Fifthly, we must better understand the promise of medical informatics. Certainly in the hospital setting, particularly in the United States where the presence of computers is increasingly common, informatics is being used to change behaviour. Computers have been shown to change physician prescribing, increase their delivery of preventive services, and reduce medical errors such as adverse drug events.8They do so by providing in “real time” information about patients' laboratory and other results, prompting about recent evidence that might alter the type or duration of a prescribed medicine or plan of care, and building safeguards into test ordering and drug prescribing. Unfortunately, electronic medical records are not yet widely available in the ambulatory setting, and may ultimately only be available in limited clinical settings.

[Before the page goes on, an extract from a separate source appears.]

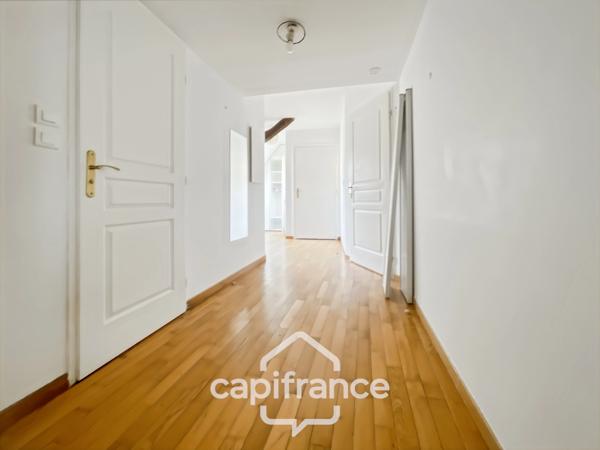 Dijon Hyper centre- rue Cazotte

Finally, professional societies and other providers of continuing medical education should update their approaches. Although we believe that providing information to physicians is important as a prerequisite to change, the evidence of what changes physician behaviour should be incorporated into mandated continuing medical education; otherwise, societies are missing the opportunity to dramatically improve the quality and effectiveness of their educational responsibilities.

Conclusion

We believe that trying to change physician behaviour in order to improve quality of care is a critically important endeavour for medicine—it reflects current emphasis on cost, evidence, and patient participation in their care. For many physicians, trying to practice up to date medicine is an important part of their professional life. Unfortunately, there is limited time for reading, meeting with colleagues, or reviewing their own practice. We must continue to emphasise creative, efficient, and innovative approaches that help physicians change their behaviour and improve the quality of health care.

References

Footnotes

  • The views expressed in this article are those of the authors and do not necessarily represent those of the Agency for Healthcare Research and Quality.